Premièrement, un MTFSP est autorisé à s'écarter de la trajectoire de référence de la Commission si un État membre prévoit «des arguments économiques solides et fondés sur des données expliquant la différence». Les réformes planifiées et les investissements reconnus comme favorisant la croissance et soutenant la durabilité constitueraient une excellente justification pour de tels écarts. Ainsi, la Commission devra évaluer si le compromis entre l’ajustement budgétaire et les réformes envisagées dans un MTFSP est quantitativement raisonnable ou non.

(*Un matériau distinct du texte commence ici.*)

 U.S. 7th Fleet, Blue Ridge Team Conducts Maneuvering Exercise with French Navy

Deuxièmement, la méthodologie de prévision de la Commission n'est pas adaptée pour évaluer l'impact des réformes récemment adoptées sur la PTF et le stock de capital pour les mêmes raisons pour lesquelles elle ne peut pas être utilisée pour évaluer les réformes proposées : l'impact de ces réformes pourrait ne pas se manifester à court terme. prévu, et même lorsque c’est le cas, on suppose qu’il se dissipera avec le temps. Une méthodologie qui aiderait la Commission à quantifier l’impact des réformes (qu’elles soient adoptées ou proposées) l’aiderait donc également à préparer le scénario de référence.

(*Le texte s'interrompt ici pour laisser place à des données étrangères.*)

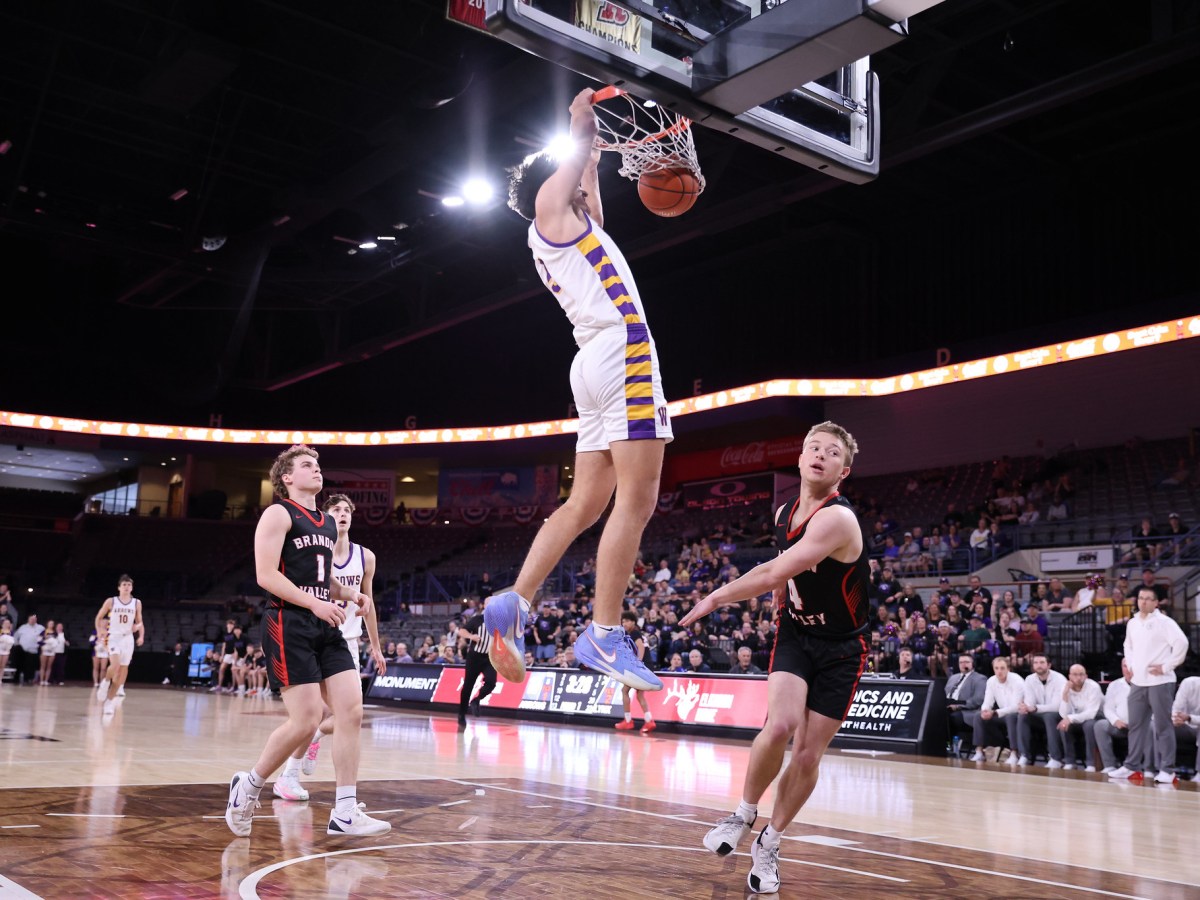 Clutch Free Throws Carry Watertown Past Brandon Valley in Consolation&nbsp;Championship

Troisièmement, une méthodologie qui quantifie l'impact des réformes et des investissements sur la croissance permettrait à la Commission et au Conseil d'éviter le débat sur ce qui peut être qualifié de « réforme » ou d'« investissement ». En particulier, les pays de l'UE ne sont pas d'accord sur la question de savoir si les « investissements sociaux » – les mesures améliorant le capital humain et augmentant la participation au marché du travail – doivent être considérés comme des investissements et des réformes. Les critiques craignent que les pays de l’UE classent les dépenses sociales improductives parmi les réformes. Cela serait impossible si une réforme – sociale ou non – était prise en compte dans le nouveau cadre budgétaire sur la seule base de son impact attendu sur la production potentielle.
L’élaboration d’une méthodologie permettant de quantifier l’impact des réformes prévues et récemment adoptées nécessitera de revoir les méthodologies actuelles de projection du stock de capital et de la PTF à moyen et long terme. Une fois qu’une approche révisée aura été convenue, elle pourrait être utilisée à la fois par la Commission et par les pays de l’UE, garantissant ainsi des calculs cohérents. Dans le même temps, la Commission et les pays de l'UE devraient convenir d'une procédure permettant de prendre en compte les incertitudes concernant la mise en œuvre des réformes et leurs effets économiques. Le risque de mise en œuvre peut être géré au moyen de critères qui aident à déterminer si un plan de réforme ou d’investissement a été mis en œuvre comme prévu, et en adoptant une trajectoire budgétaire de secours, impliquant des exigences d’ajustement plus importantes, qui sera déclenchée si les critères ne sont pas respectés. L’incertitude quant à l’impact attendu de la réforme peut être gérée en adoptant une vision prudente des impacts de la réforme.
La Commission et les pays de l’UE n’ont pas de temps à perdre. Pour que le nouveau cadre budgétaire démarre du bon pied, une méthodologie permettant de quantifier les impacts des réformes et des investissements, ainsi qu’un mécanisme de gouvernance pour gérer les risques associés, doivent être en place avant l’échéance des premiers MTFSP en septembre.